(Assigned task)
Where an entry below contains an image, skip the image and copy the rest exactly.
▼
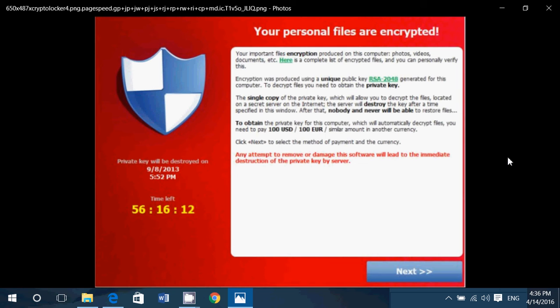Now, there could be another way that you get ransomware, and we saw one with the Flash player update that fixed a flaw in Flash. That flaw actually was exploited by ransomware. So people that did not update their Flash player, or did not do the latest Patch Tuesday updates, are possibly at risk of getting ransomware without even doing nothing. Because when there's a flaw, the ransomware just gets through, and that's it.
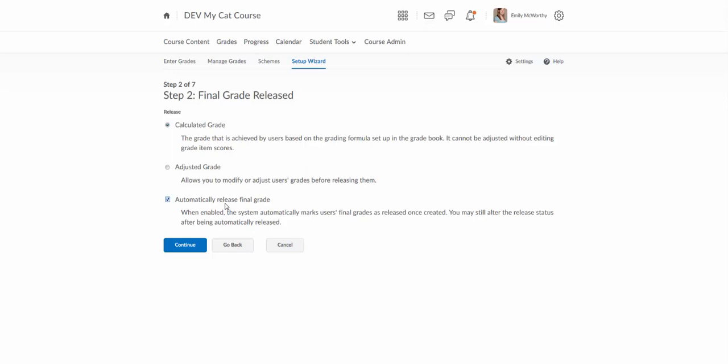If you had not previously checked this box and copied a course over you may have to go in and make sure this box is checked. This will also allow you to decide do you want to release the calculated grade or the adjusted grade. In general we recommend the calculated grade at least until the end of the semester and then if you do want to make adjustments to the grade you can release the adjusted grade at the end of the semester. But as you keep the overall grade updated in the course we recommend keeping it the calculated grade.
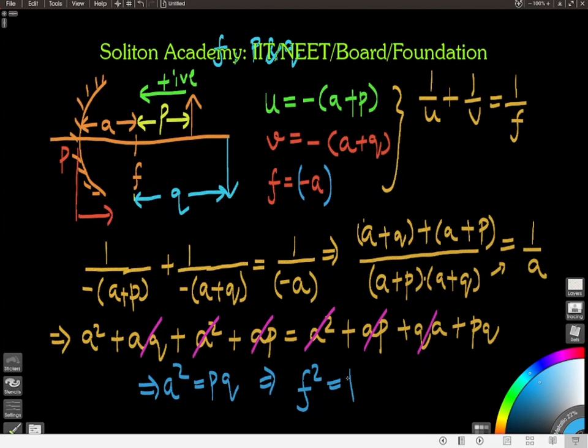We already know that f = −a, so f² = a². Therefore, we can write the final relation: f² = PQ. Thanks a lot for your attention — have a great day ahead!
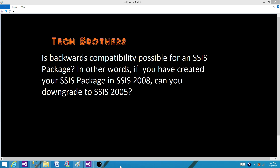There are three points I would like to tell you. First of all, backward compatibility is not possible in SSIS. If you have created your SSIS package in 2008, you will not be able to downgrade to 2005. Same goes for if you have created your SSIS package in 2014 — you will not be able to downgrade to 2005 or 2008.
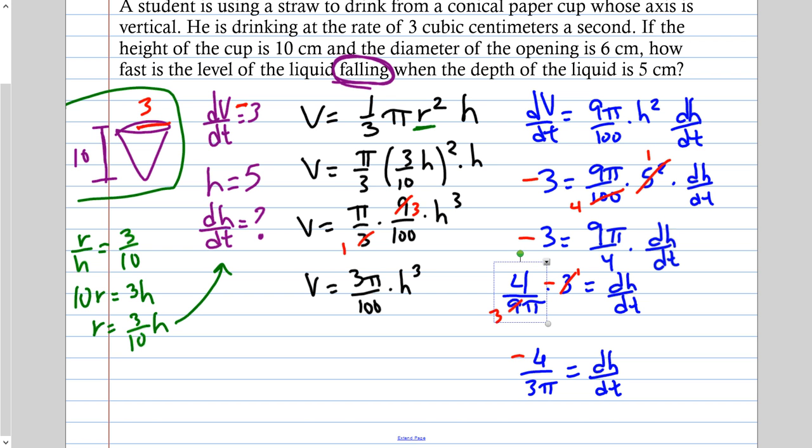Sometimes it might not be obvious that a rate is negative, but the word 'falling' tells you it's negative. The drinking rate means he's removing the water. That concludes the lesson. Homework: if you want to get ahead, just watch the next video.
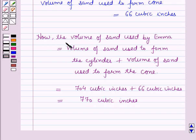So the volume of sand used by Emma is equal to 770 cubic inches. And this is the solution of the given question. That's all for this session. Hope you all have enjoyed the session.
▲
(Written reply)
Now, there could be another way that you get ransomware, and we saw one with the Flash player update that fixed a flaw in Flash. That flaw actually was exploited by ransomware. So people that did not update their Flash player, or did not do the latest Patch Tuesday updates, are possibly at risk of getting ransomware without even doing nothing. Because when there's a flaw, the ransomware just gets through, and that's it.
If you had not previously checked this box and copied a course over you may have to go in and make sure this box is checked. This will also allow you to decide do you want to release the calculated grade or the adjusted grade. In general we recommend the calculated grade at least until the end of the semester and then if you do want to make adjustments to the grade you can release the adjusted grade at the end of the semester. But as you keep the overall grade updated in the course we recommend keeping it the calculated grade.
We already know that f = −a, so f² = a². Therefore, we can write the final relation: f² = PQ. Thanks a lot for your attention — have a great day ahead!
There are three points I would like to tell you. First of all, backward compatibility is not possible in SSIS. If you have created your SSIS package in 2008, you will not be able to downgrade to 2005. Same goes for if you have created your SSIS package in 2014 — you will not be able to downgrade to 2005 or 2008.
Sometimes it might not be obvious that a rate is negative, but the word 'falling' tells you it's negative. The drinking rate means he's removing the water. That concludes the lesson. Homework: if you want to get ahead, just watch the next video.
So the volume of sand used by Emma is equal to 770 cubic inches. And this is the solution of the given question. That's all for this session. Hope you all have enjoyed the session.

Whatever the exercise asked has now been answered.